This wiki will hold the minutes of discussion topics from the Barometer Weekly Call
Discussion topics for the “ideal” monitoring agent
- Polling vs Event capture for the monitoring agent
- Platform independent monitor agent
- Network Interfaces
- Kernel events
- VM / Container monitoring
- Common bus for Events / Telemetry / Config
- Common Object model
- Agent configuration
- Performance
- <<50ms and other timing requirements
Decisions
Polling vs Event capture for the monitoring agent <Feb 07 2017>
The scope of polling being discussed is that of the monitoring agent itself (on the node that’s being observed).
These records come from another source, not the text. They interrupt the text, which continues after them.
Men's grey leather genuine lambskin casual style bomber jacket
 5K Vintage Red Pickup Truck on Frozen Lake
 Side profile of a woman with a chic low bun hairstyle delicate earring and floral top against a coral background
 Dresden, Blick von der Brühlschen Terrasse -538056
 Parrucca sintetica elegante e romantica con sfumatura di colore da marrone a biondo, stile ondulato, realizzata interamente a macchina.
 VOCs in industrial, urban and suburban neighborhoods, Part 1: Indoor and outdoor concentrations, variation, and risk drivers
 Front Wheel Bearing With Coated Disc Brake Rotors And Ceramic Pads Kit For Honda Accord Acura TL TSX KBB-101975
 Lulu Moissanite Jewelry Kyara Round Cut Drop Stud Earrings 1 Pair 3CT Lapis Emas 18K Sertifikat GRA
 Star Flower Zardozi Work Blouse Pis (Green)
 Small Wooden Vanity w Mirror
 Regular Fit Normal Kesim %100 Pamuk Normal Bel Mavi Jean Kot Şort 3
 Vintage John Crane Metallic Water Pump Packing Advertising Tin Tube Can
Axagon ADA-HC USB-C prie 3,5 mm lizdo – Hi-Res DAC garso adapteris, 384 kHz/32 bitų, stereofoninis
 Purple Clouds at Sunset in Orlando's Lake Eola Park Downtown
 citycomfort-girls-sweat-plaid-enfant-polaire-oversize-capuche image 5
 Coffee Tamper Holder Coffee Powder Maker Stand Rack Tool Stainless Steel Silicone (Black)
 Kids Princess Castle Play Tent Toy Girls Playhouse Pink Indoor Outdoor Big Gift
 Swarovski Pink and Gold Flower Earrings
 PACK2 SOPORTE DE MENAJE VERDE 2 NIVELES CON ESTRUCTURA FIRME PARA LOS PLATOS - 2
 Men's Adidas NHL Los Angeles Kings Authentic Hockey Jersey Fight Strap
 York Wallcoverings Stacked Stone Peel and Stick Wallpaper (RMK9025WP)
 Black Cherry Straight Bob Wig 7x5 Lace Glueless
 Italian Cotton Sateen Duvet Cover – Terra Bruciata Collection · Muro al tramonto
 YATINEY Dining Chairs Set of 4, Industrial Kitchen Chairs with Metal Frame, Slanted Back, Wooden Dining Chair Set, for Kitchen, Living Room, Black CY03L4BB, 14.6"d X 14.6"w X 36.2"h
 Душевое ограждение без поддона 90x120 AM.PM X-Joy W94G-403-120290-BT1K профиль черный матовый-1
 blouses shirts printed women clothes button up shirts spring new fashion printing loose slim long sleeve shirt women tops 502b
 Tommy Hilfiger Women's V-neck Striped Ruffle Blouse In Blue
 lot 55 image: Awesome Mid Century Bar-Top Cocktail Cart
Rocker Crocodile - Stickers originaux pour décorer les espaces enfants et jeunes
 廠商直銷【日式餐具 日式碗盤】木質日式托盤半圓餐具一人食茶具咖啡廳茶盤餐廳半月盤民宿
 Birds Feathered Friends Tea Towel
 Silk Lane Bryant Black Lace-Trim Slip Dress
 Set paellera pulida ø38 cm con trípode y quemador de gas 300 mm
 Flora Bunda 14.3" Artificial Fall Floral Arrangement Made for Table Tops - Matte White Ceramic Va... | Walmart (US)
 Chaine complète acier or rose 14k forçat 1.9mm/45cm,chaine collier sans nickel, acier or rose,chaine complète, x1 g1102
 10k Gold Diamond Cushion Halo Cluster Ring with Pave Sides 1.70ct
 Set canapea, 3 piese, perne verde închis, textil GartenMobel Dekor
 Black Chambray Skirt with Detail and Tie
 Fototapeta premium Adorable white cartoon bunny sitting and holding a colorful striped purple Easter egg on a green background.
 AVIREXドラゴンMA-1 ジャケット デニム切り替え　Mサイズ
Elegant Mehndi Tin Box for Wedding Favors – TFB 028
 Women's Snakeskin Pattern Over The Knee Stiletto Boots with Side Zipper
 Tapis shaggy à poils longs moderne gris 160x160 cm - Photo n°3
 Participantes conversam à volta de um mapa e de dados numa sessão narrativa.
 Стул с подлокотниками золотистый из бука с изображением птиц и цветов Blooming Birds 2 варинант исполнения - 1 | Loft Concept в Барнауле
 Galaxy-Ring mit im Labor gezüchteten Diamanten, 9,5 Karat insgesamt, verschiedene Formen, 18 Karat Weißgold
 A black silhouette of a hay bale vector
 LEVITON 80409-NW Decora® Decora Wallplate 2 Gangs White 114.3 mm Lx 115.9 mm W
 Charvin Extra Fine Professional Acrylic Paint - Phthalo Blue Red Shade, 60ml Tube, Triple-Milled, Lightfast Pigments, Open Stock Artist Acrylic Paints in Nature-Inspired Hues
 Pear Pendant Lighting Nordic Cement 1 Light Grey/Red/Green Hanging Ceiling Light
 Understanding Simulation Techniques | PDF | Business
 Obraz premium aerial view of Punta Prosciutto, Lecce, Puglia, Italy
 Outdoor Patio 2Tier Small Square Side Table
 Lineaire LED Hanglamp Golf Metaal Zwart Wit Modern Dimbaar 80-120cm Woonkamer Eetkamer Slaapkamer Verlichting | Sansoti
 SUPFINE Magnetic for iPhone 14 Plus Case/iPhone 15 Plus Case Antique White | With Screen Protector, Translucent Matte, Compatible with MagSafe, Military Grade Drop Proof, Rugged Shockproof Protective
Collectd is configured to run at a particular interval by default every 10 seconds. the question is, do you leave the read plugins poll for stats and events every time the read interval fires?
A. Both polling and event driven updates should be supported --> it depends on the subsystem you are monitoring, default would be to leverage event based systems where they exist, but polling should be supported as a configuration option that can be selected by the end user.
If we consider the scope of the VIM to the monitoring Agent and whether within this context, we should support polling /event driven updates?
Fault events should always use a push model, and the mechanism over which events are sent needs to be reliable.
Telemetry, can be polled or pushed (could be polled to spread the load on the collection side).
Network (over)load should be taken into consideration as regards which model to use (push vs pull), you don't want to destabilize the network. push is more scalable overall and preferred for fault management.